START Data listing

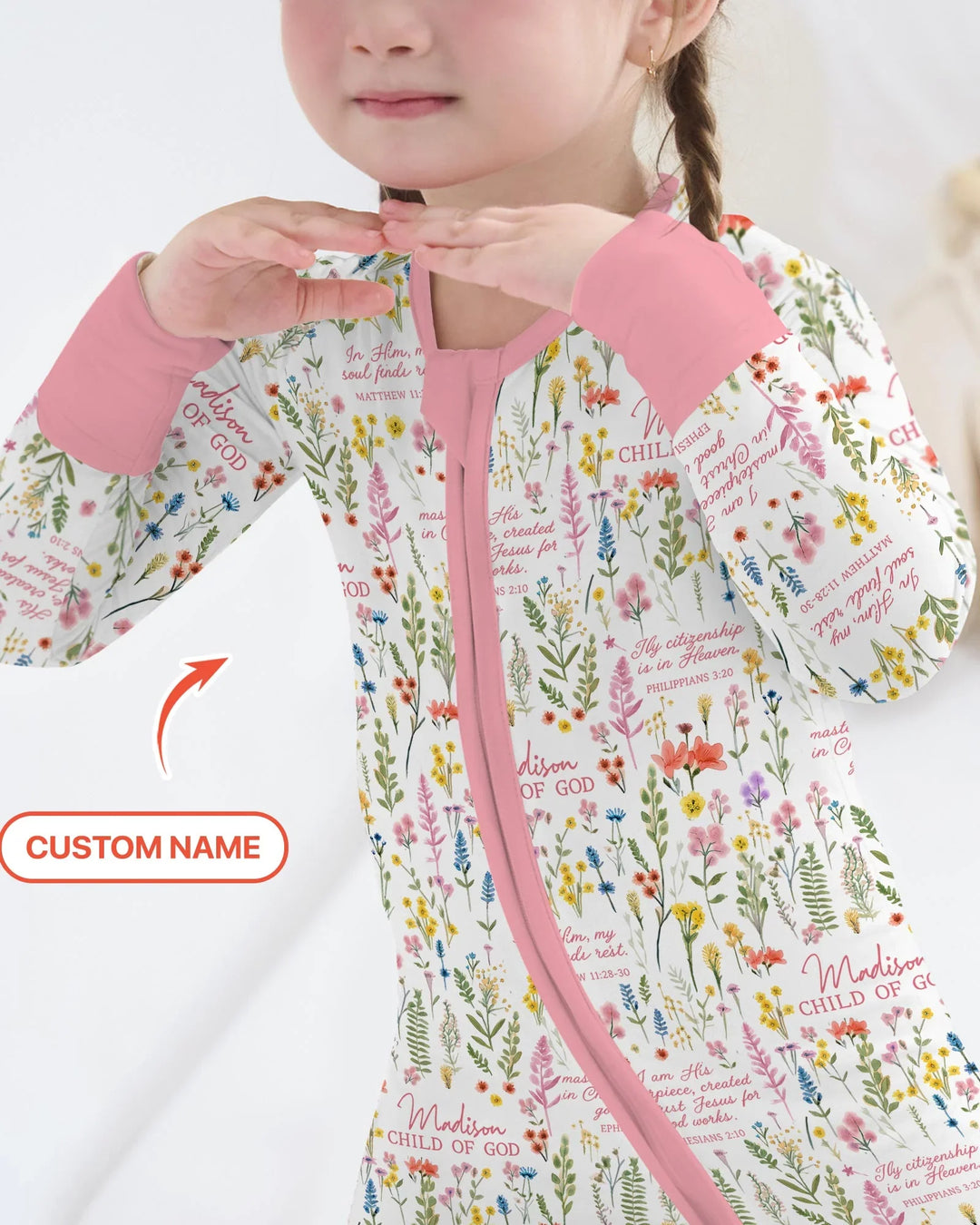 Custom Name Child of God Flower Garden Bamboo Convertible Zippy
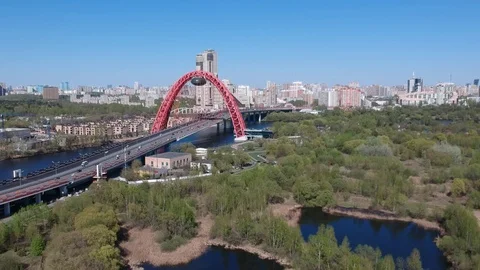 Cable-stayed suspension bridge car traffic highway Stock Footage 107096486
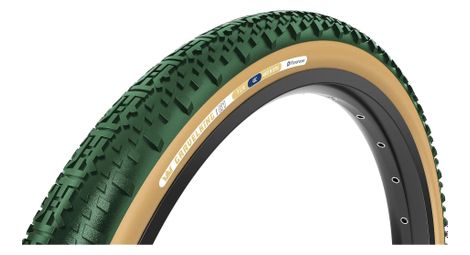 Pneu Gravel Panaracer GravelKing X1 Limited Color Edition 700 mm Tubeless Ready Souple ZSG Gravel Compound BeadLock TuffTex Vert British Racing Flancs Beiges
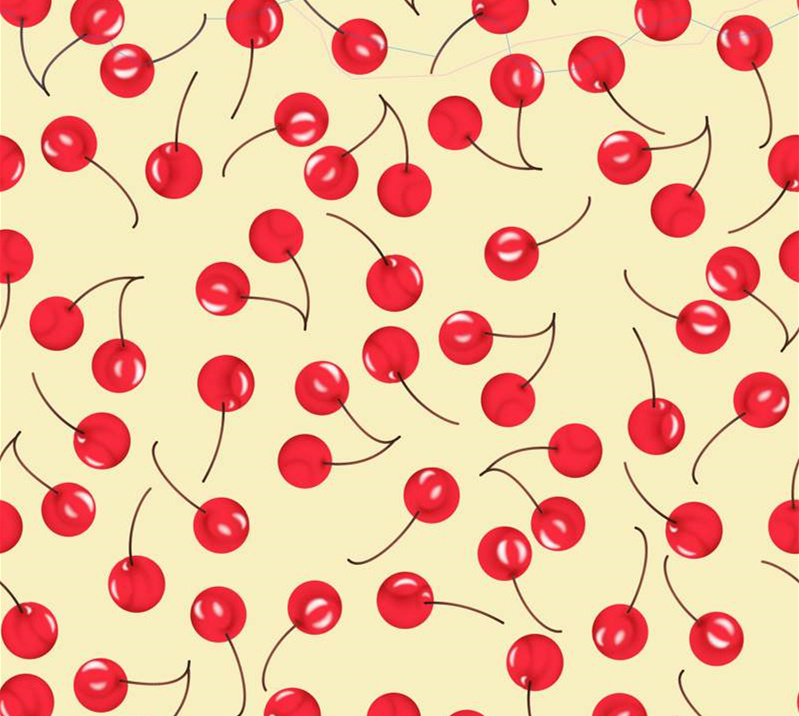 樱桃手绘风面料印花素材,清新可爱适用于夏季服装印花设计
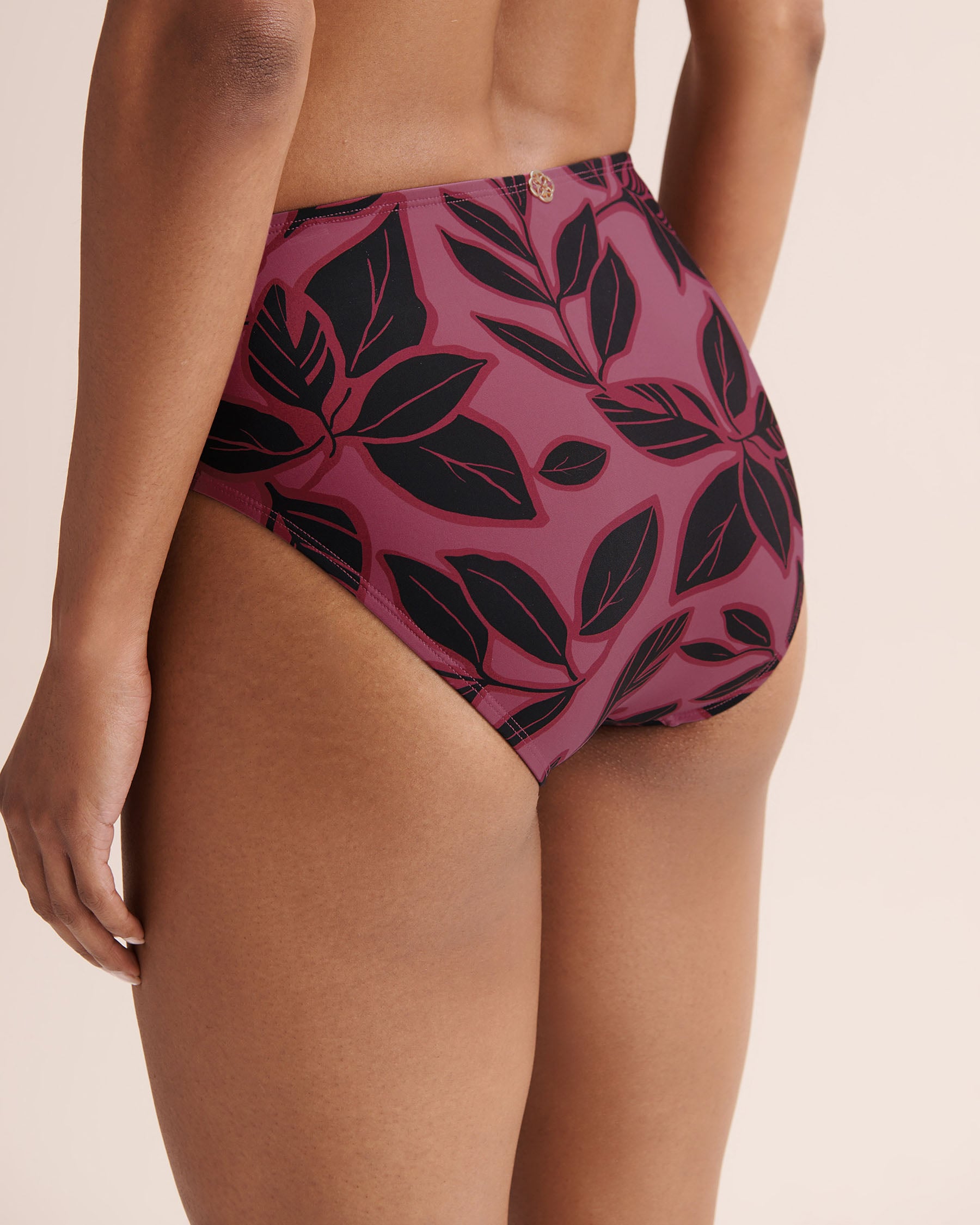 TURQUOISE COUTURE Shirred Mid-Rise Bikini Bottom Violet and black 01300524 - View6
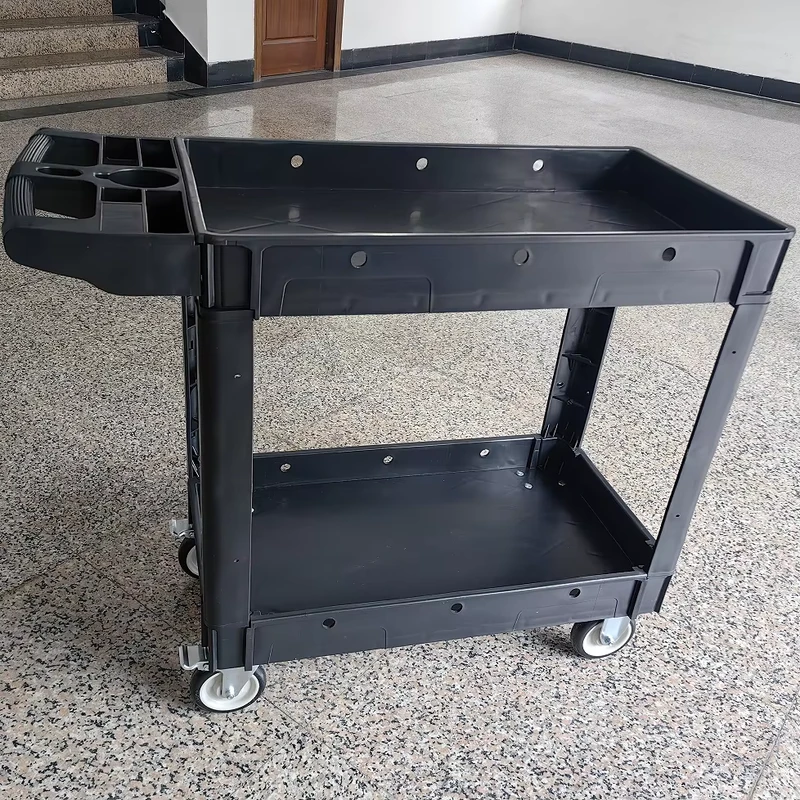 Industrial Heavy Duty Small Plastic Platform Service Cart Two Shelves Storage Trolley Utility OEM Customizable Four Wheel 550LBS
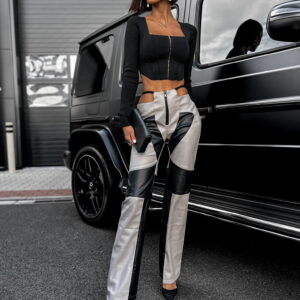 Šedé koženkové kalhoty VAPIREW Velikost: L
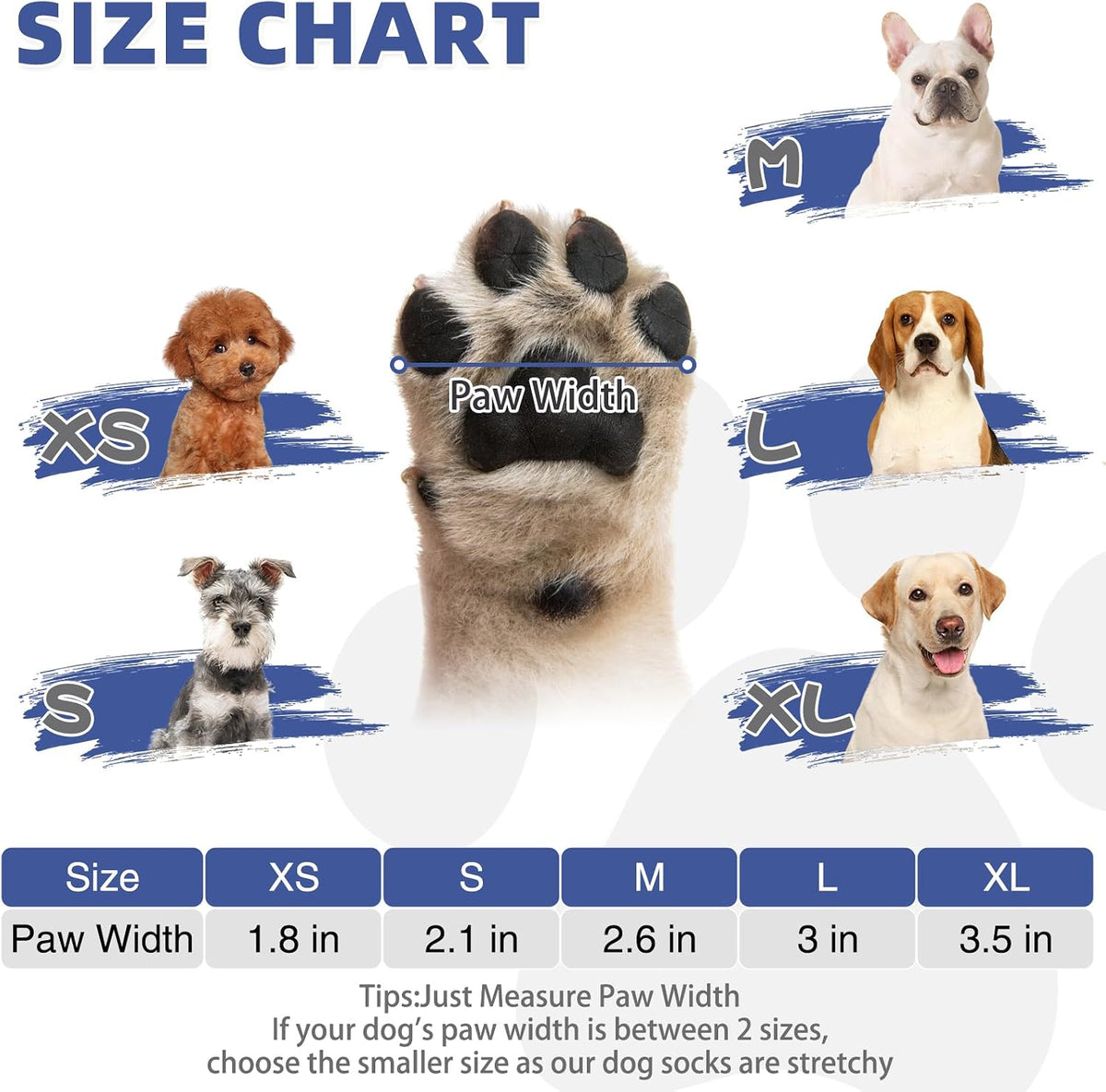 Dog Socks Shoes for Hot Pavement - Blue / Medium(4 Pack) - image 2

END Data listing

[Directions] Only the lines from the one holding "Industrial Heavy Duty" through the last line of the records should be output, please, exactly and without any pictures.

[Final answer]
 Industrial Heavy Duty Small Plastic Platform Service Cart Two Shelves Storage Trolley Utility OEM Customizable Four Wheel 550LBS
 Šedé koženkové kalhoty VAPIREW Velikost: L
 Dog Socks Shoes for Hot Pavement - Blue / Medium(4 Pack) - image 2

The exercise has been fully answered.